Switzerland's biggest bank also said it had pleaded guilty to one count of wire fraud with the US Justice Department in relation to rate manipulation in the market for yen libor in a statement published Wednesday. The fine is at least three times that paid earlier this year by Barclays and will result in a net loss in the bank's fiscal fourth quarter of around 2.5bn Swiss francs (£1.7bn/$2.7bn).  

The bank has been co-operating with regulators and investigators in connection with the allegations since at least 2011. 

"During the course of these investigations, we discovered behavior of certain employees that is unacceptable. Their misconduct does not reflect the values of UBS nor the high ethical standards to which we hold every employee," said CEO Sergio Ermotti.

"We have cooperated fully with the authorities and taken decisive and appropriate actions to correct the issues and to strengthen our control processes and procedures. We deeply regret this inappropriate and unethical behavior. No amount of profit is more important than the reputation of this firm, and we are committed to doing business with integrity."

The UK's Financial Services Authority agreed to a fine of £160m, while fines paid to the US Commodity Futures Trading Commission and the US Department of Justice will amount to around $1.2bn the bank said. Finma, the Swiss regulator, collected a fine of 59m Swiss francs.

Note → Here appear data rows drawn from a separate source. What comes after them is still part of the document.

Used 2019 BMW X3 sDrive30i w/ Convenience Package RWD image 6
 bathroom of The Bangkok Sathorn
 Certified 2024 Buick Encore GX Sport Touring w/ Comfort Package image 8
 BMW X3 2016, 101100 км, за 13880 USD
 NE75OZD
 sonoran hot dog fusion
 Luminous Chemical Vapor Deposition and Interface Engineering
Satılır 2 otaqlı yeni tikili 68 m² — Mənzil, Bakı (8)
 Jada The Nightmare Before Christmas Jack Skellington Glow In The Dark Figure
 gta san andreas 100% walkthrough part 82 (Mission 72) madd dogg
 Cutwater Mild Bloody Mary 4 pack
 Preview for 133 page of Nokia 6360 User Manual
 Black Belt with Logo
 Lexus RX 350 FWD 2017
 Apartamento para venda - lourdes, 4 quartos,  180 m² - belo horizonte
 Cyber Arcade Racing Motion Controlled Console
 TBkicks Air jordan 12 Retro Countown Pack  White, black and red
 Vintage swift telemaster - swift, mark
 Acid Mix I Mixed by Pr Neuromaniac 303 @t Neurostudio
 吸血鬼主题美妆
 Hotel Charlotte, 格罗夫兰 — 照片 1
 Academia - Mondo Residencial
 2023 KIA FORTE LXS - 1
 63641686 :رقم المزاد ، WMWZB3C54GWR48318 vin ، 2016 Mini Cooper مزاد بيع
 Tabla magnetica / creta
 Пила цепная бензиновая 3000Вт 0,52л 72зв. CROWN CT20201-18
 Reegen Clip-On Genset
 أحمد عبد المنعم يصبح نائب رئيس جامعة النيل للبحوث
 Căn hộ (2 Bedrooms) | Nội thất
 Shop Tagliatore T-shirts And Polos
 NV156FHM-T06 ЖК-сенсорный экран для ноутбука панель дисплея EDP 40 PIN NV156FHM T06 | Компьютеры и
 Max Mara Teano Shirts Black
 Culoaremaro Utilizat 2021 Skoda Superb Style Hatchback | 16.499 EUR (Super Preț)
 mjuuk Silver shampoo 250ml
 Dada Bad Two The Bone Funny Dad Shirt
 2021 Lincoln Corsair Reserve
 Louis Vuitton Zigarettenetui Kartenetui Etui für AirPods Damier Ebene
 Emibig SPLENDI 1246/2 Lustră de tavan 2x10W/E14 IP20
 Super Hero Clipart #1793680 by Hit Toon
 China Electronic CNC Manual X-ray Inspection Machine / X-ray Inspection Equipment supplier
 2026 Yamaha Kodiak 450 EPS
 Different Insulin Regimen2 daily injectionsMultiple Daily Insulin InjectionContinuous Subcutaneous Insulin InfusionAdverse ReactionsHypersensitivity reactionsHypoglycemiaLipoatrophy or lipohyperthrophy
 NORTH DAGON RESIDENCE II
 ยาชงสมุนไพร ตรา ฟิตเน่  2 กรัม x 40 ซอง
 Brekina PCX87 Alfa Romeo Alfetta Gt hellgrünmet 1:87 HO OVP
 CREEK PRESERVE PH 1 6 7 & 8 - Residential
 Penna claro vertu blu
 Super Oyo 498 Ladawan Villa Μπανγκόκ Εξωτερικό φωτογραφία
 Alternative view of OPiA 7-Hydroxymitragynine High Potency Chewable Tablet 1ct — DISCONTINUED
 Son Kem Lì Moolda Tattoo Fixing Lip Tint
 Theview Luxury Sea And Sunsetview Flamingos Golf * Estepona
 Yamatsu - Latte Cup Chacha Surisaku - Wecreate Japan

The FSA said it found at least 2,000 documents showing attempts to manipulate the benchmark interbank lending rate, which underpins around $500tn worth of global financial securities.

"The findings we have set out in our notice today do not make for pretty reading," said FSA director of enforcement Tracey McDermott in a statement.  "The integrity of benchmarks such as Libor and Euribor are of fundamental importance to both UK and international financial markets. UBS traders and managers ignored this." 

The watchdog said the UBS misconduct took place in several countries including Japan, Switzerland and the UK, and involved at least 45 individuals including traders, managers and senior managers between 2005 and 2010. 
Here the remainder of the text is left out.